Não adianta a prática actual vulgar de desculpar um assassino e culpar quem lhe facultou a arma, como se o carregar no gatilho quase não tivesse acontecido, ou como se fosse quem facultou a arma a carregar no gatilho. Pior ainda, é dizer que o culpado do arrombamento duma viatura não foi o arrombador, mas sim quem deixou objectos à vista no interior da mesma.
Sejamos honestos.
E quanto às maldades das editoras, ou seja, dos proprietários dos bens roubados, vejam bem o seguinte: Acreditam mesmo que o dono dum talho explora o seu negócio por altruísmo, por preocupação em relação à fome dos clientes? Um vendedor de sapatos exerce a sua actividade essencialmente por estar preocupado com o conforto dos clientes? Um banqueiro quer que os clientes prosperem, apenas por generosidade?
Se vocês abrissem uma editora musical, fá-lo-iam apenas por amor à música?
É evidente que no início, e caso fossem ainda jovens, até poderiam ter umas ideias mais ingénuas e boas intenções, mas ao fim duns tempos é perfeitamente possível que dessem por vocês a não gostar sequer de ouvir música, e a detestar os vossos artistas, e que não pensassem senão em ganhar dinheiro.
Não adianta negar os factos, é a vida.
A razão se ser da existência das empresas é o lucro. Os títulos que colocam no mercado são produtos como quaisquer outros. Obtê-los sem pagar por eles é o mesmo que bifar num supermercado, que não pagar nas roulottes, o que quiserem.
Não há justiça nem considerações morais a tecer, trata-se de alguém se apoderar do que pertence a outrem.
Mas mesmo assim a questão das atenuantes pode ser discutida. Convém é não perder de vista que se está a roubar.
É verdade que alguns produtos são vendidos a preços excessivos. Mas isso é a essência do mercado, ganhar o máximo possível. Compete ao consumidor não consumir, caso não tenha posses para os adquirir. Se cá determinadas coisas são mais caras que no estrangeiro, não é apenas por ganância do importador, mas por muitas outras razões, a principal das quais o pequeno volume do nosso mercado (dramático no caso da banca, por exemplo).

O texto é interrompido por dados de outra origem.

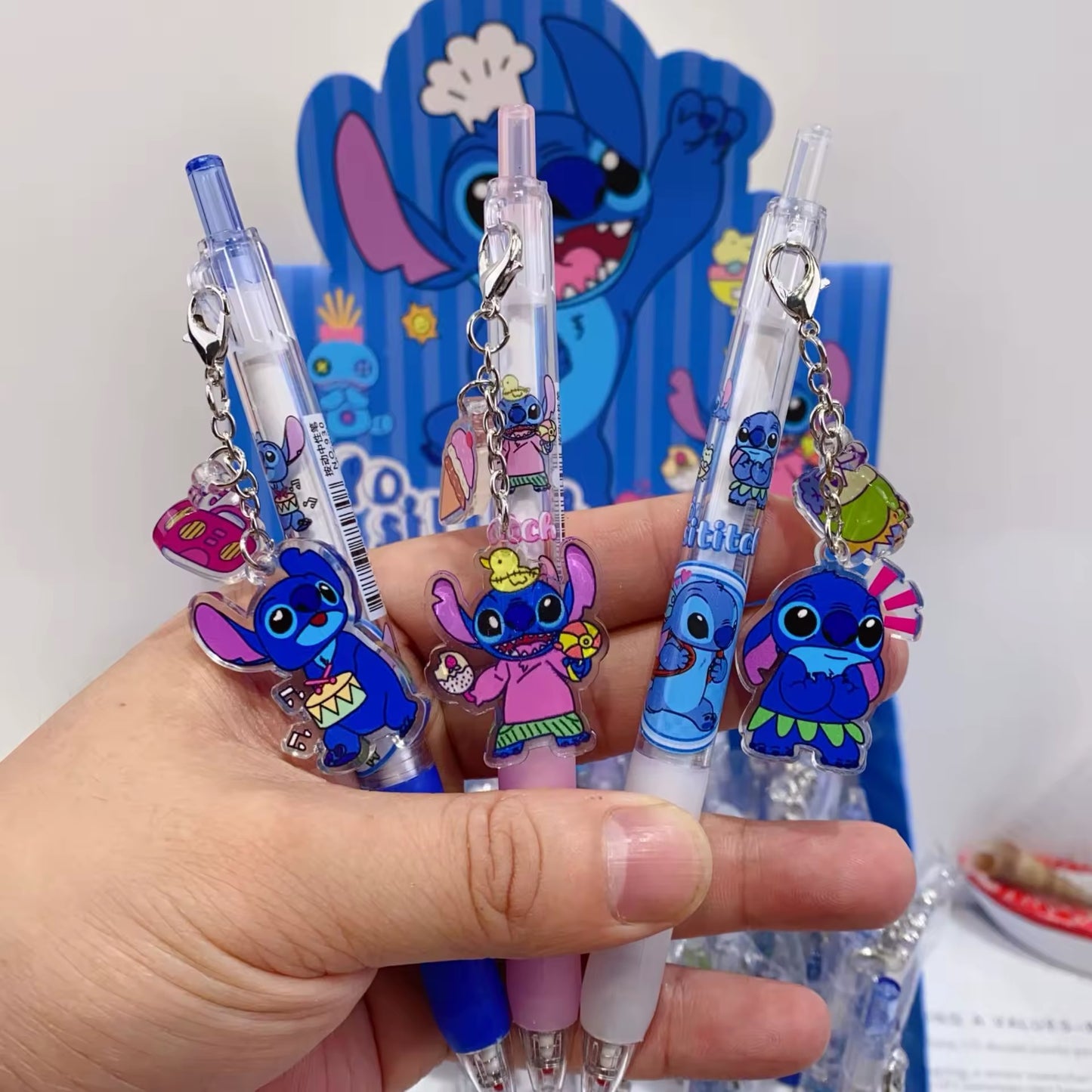 Disney’s Lilo & Stitch Keychain Pens
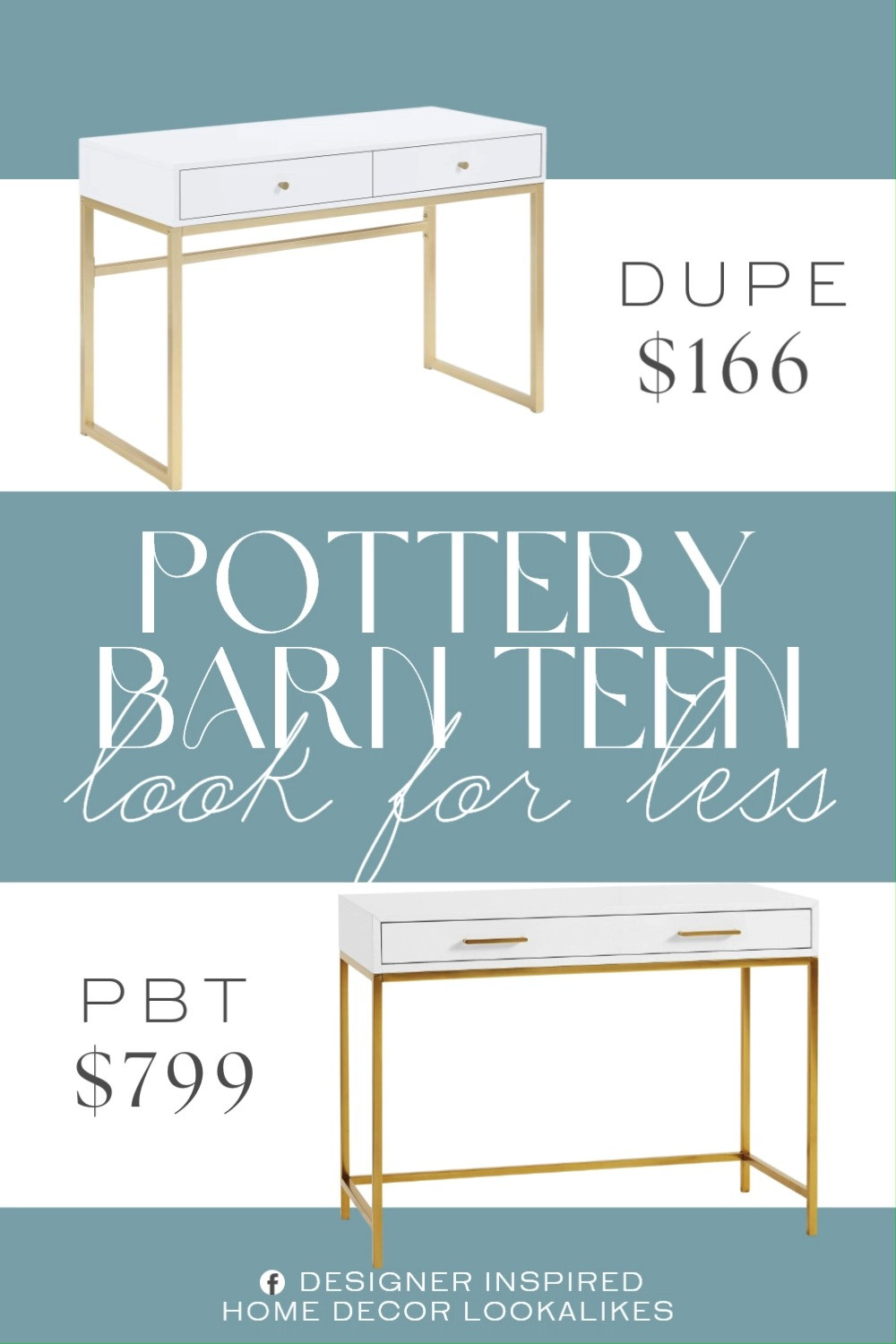 Inspired by Pottery Barn Teen Writing Desk. Minimalist Writing Desk. Sleek Study Table. Chic Home Office Desk. Teen Bedroom Desk. Storage Writing Table. Solid Wood Study Table. Desk with Drawers.  PB Teen Style Writing Desk.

E mesmo quanto ao suposto roubo que são os preços praticados, conheço um caso concreto em que os consumidores estão convictos que os importadores são uns gatunos, que ganham cinquenta por cento (!) nos produtos que vendem, etc. Costumo lembrar às pessoas que o tal importador tem custos que o consumidor nem sequer sonha. Há contactos que se fazem, que chegam a envolver viagens, estadias, despesas diversas, até a países bastante afastados, por vezes sem resultados comerciais. Há encomendas que têm que ser sinalizadas ou até pagas adiantadamente, seja qual for a disponibilidade financeira (pode ser preciso pedir dinheiro emprestado). Há despesas aduaneiras (e não são poucas), há armazenagem, seguros, segurança, distribuição, publicidade (com entrevistas, jantaradas, tudo pago), há despesas relacionadas com o pós-venda (por vezes é o importador que assume as garantias), enfim, tanta coisa... No caso do exemplo em questão, os revendedores solicitam equipamentos para demonstrações, que devolvem, por vezes danificados ou desvalorizados, e quem suporta isso tudo é o importador. Para o cálculo dos tais cinquenta por cento de lucro seria preciso esperar por vezes um ano inteiro para saber quanto custou realmente o produto. Será que os produtos são realmente vendidos a preços exagerados?
Mas isso já ultrapassa a questão do roubo. Voltando aos roubos, quem rouba, tem efectivamente atenuantes, é um facto. Um dos mais invocados tem que se lhe diga. Vejamos o caso concreto. Quem vende publicita, fazendo o consumidor desejar o produto. O consumidor deseja o produto, mas não tem dinheiro para o comprar. Por isso rouba-o. É tudo muito bonito, mas culpar quem fez o consumidor desejar o produto, e absolver o ladrão, é um exagero. Ou bem que se proíbe a publicidade, ou então tem que se castigar o ladrão. Porque, se não se castigar, o roubo generaliza-se.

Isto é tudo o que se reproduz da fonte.